The Gordon Parks Foundation announces the opening of a new exhibition of photographs. American Champion opens Monday, June 6 and will be the Foundation's fourth show in its exhibition space at 48 Wheeler Avenue in Pleasantville, New York. American Champion showcases many intimate and never published photographs of the notorious Olympic gold medalist and world heavyweight champion boxer Muhammad Ali taken in 1966 and 1970.
Gordon Parks photographed Ali for Life magazine when the athlete was in the midst of an intense national controversy after changing his name from Cassius Clay, converting to Islam, and joining the Black Muslim cause. He was chastised for anti-white sentiments and for declaring himself a conscientious objector to the Vietnam War (on grounds that his religion forbade him to fight in this conflict).
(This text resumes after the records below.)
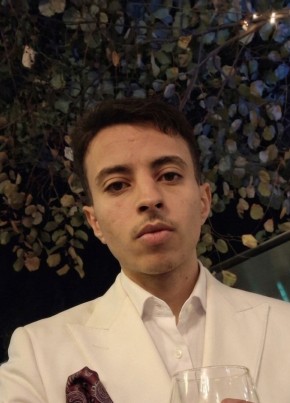 Wassim из Budapest 22 года
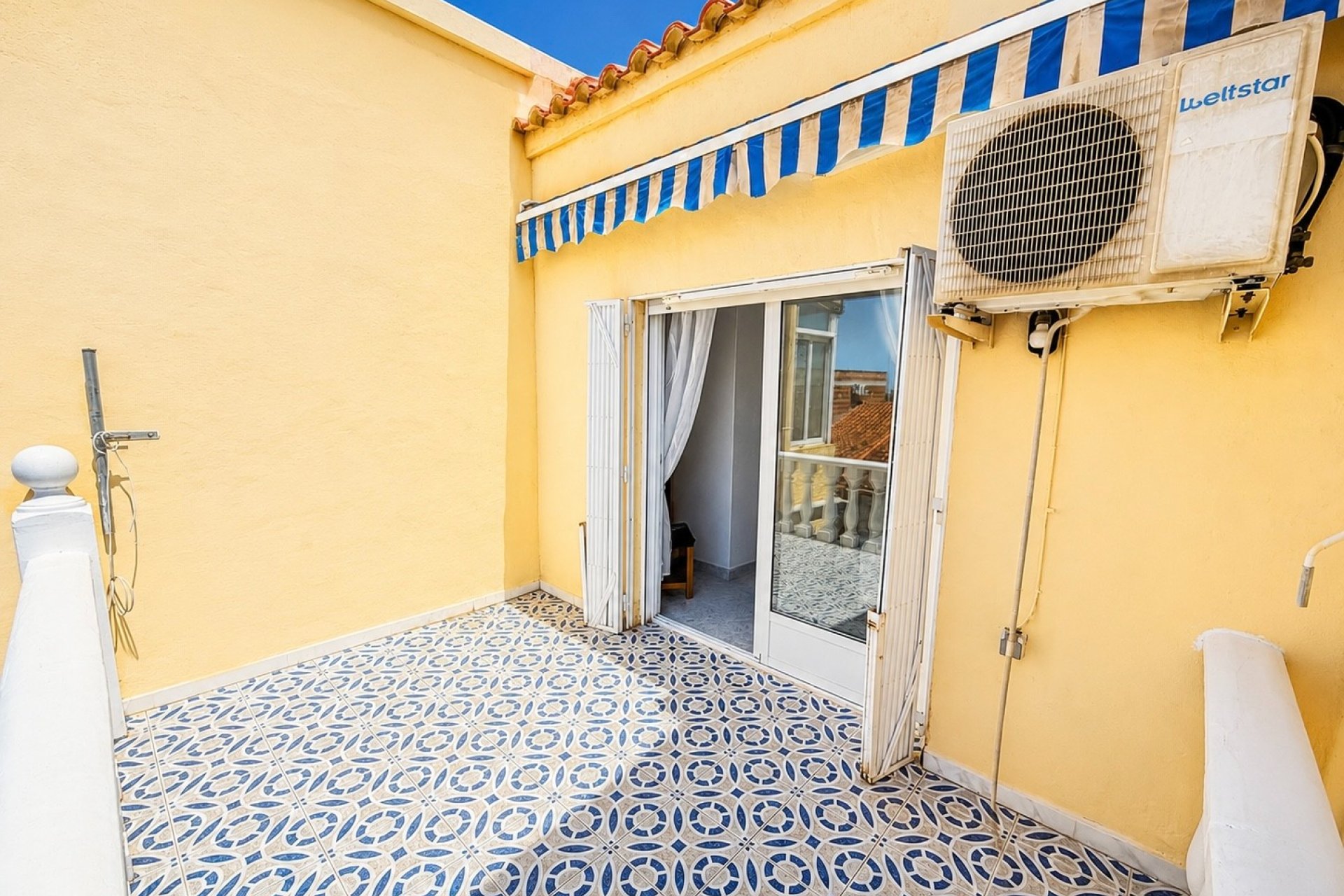 Resale - Terraced house - La Marina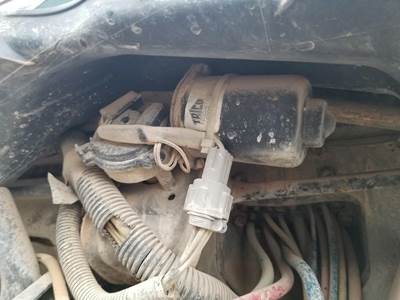 Freightliner Columbia Windshield Wiper Motor for a Freightliner COLUMBIA 120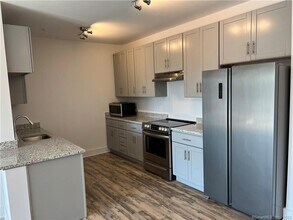 333 Main St in Danbury, CT - Building Photo - Building Photo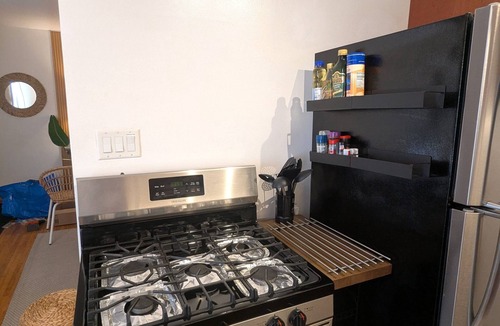 Alamitos Beach Condo | Cozy BEACH Condo with AC, Parking & Laundry, 10min walk to beach. Superb WiFi.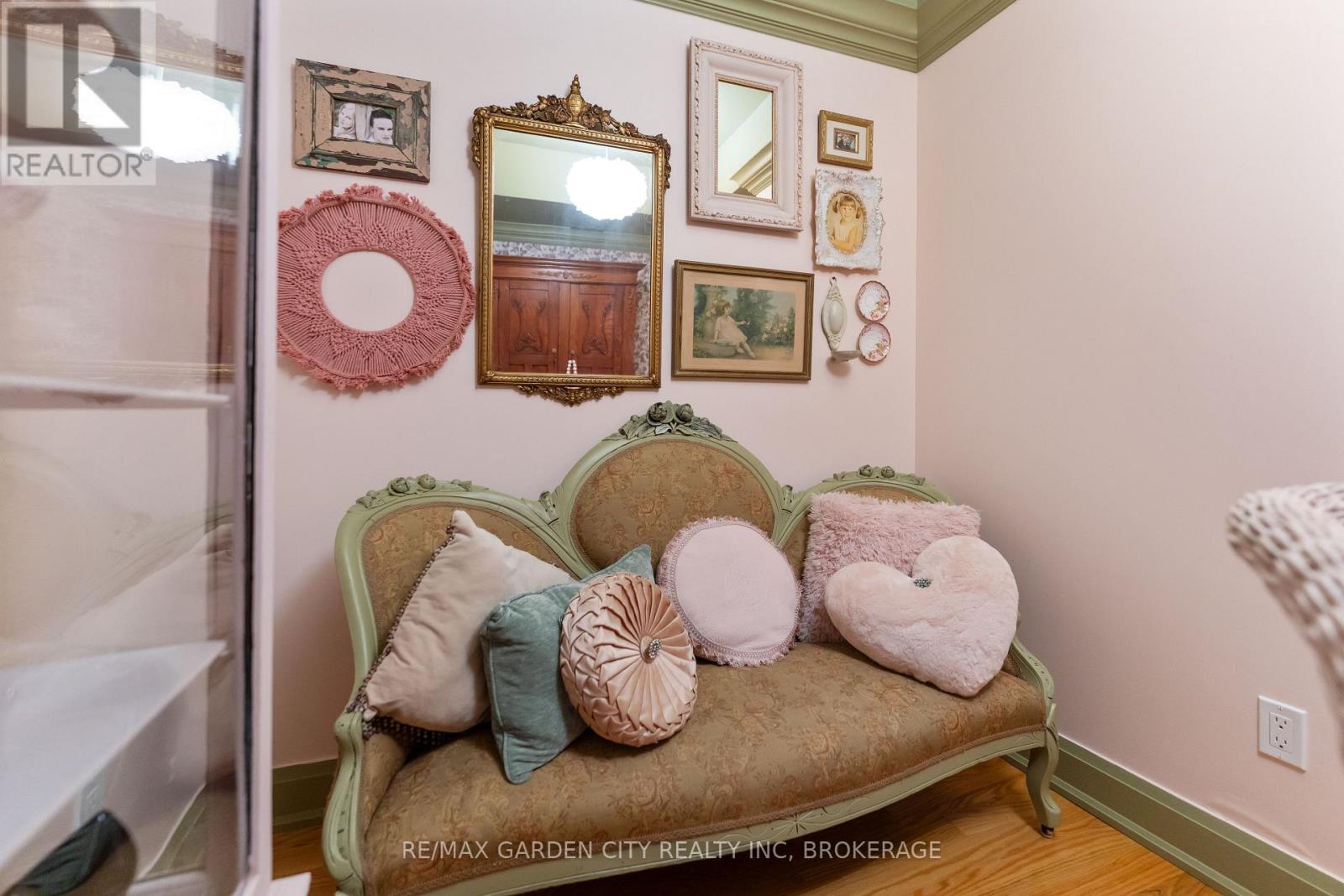 201 - 3710 Main Street, Niagara Falls, Ontario L2G 6B1 - Photo 20 - X12557688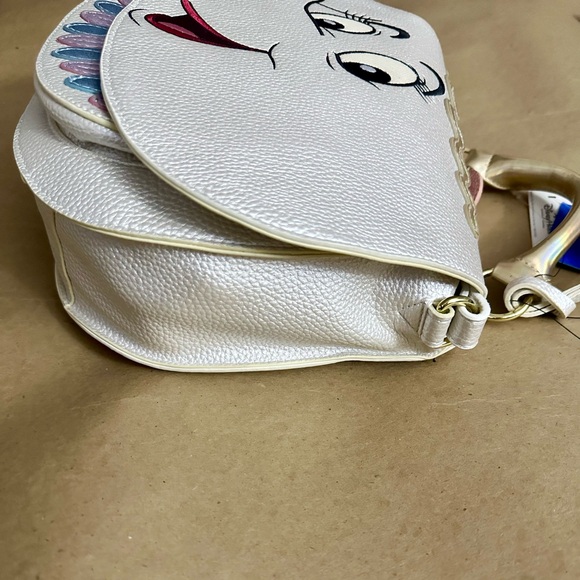 NWT Danielle Nicole Disney Mrs Potts Crossbody Shoulder Bag & Chip Wallet Bundle - Picture 4 of 16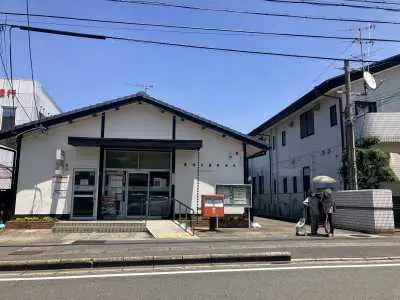 橿原白橿郵便局まで徒歩8分です。
徒歩8分圏内にスーパー、銀行もある住環境となっております。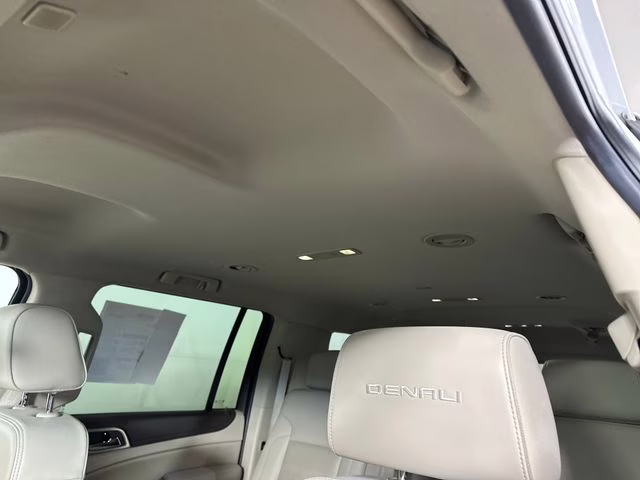 2020 Summit White GMC Yukon XL Denali 4X4 SUV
Amid the uproar, Parks met Ali in Miami in 1966, where the champ was training, then accompanied him to London for his next fight. In his photographs and text, Parks crafted a psychological portrait of Ali that most Americans might never have imagined; he hoped to rehabilitate Ali’s image by showing the human side of the smooth-talking fleet-footed boxer who often came off as supremely confident, even arrogant, in his public appearances. The article was tremendously popular and helped redefine Ali’s career.
Four years later, in 1970, Parks profiled Ali again—this time as he was attempting to win back his world heavyweight crown from Joe Frazier. While the initial images in the 1970 Life article express the ferocity the twenty-eight-year-old boxer brought to his training, Parks again evinced sympathy for Ali through disarming images, such as the famous picture of him glancing wide-eyed in the locker room.
The twenty-two photographs on display in American Champion provide a glimpse into these two picture stories and the burgeoning friendship between Ali and Parks at a pivotal moment in each man’s career. The exhibition remains open through September 24.